══ GIVEN INFORMATION ══

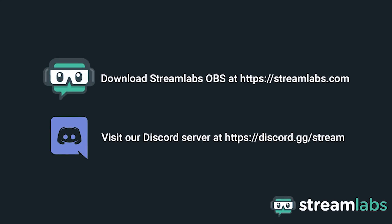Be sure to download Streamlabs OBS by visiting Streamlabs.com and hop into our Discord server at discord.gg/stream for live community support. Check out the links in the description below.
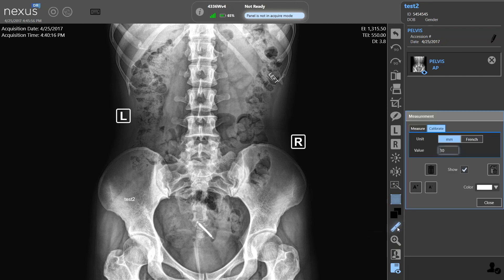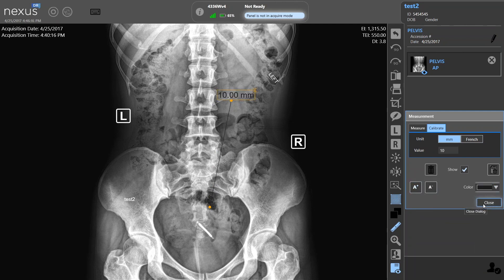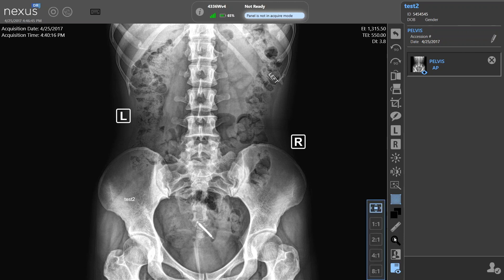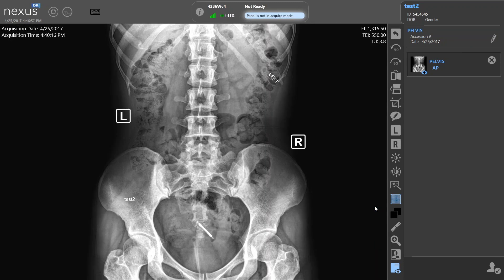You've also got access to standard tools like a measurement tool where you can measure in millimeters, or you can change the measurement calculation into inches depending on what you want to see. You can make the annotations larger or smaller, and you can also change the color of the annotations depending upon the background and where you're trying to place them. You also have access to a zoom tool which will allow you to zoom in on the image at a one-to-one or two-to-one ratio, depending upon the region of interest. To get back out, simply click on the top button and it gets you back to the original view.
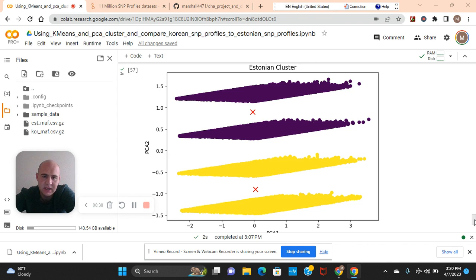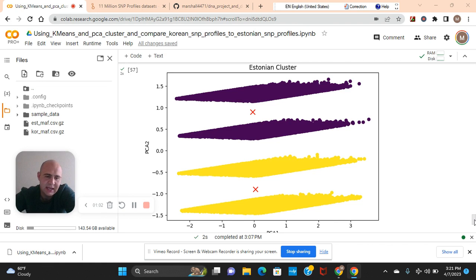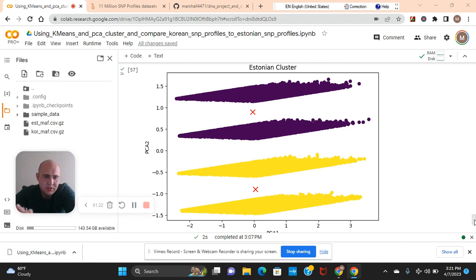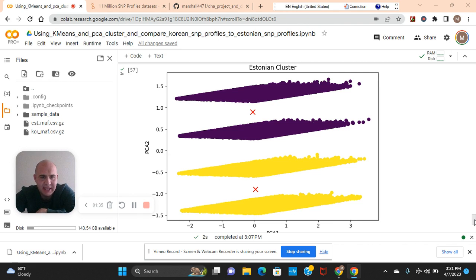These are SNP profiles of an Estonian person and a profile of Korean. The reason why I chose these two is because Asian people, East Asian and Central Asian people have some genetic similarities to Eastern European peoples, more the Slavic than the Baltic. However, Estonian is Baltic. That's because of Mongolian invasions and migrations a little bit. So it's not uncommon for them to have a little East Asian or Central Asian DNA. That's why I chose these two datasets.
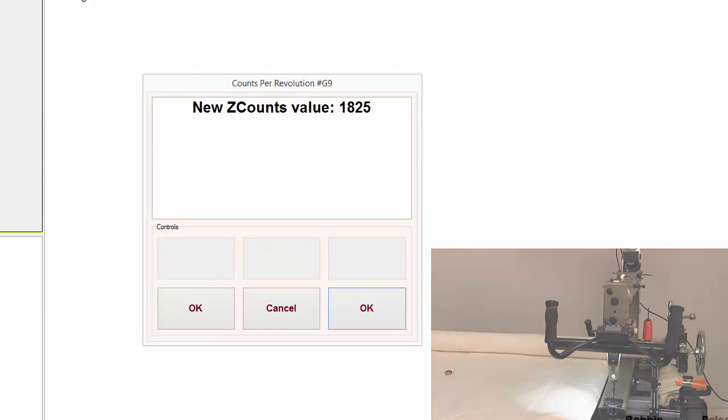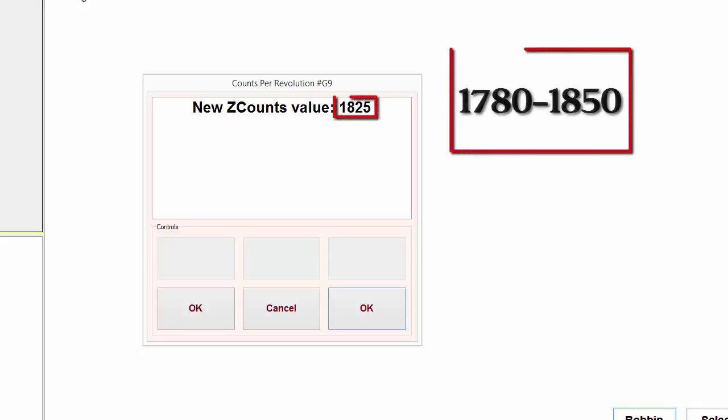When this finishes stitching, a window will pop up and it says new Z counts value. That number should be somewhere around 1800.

═══

WHAT IS REQUIRED — Print exactly the span of lines that begins with the line containing "These are SNP" and ends with the last line of the listing, with no pictures.

RESPONSE AREA —
These are SNP profiles of an Estonian person and a profile of Korean. The reason why I chose these two is because Asian people, East Asian and Central Asian people have some genetic similarities to Eastern European peoples, more the Slavic than the Baltic. However, Estonian is Baltic. That's because of Mongolian invasions and migrations a little bit. So it's not uncommon for them to have a little East Asian or Central Asian DNA. That's why I chose these two datasets.
When this finishes stitching, a window will pop up and it says new Z counts value. That number should be somewhere around 1800.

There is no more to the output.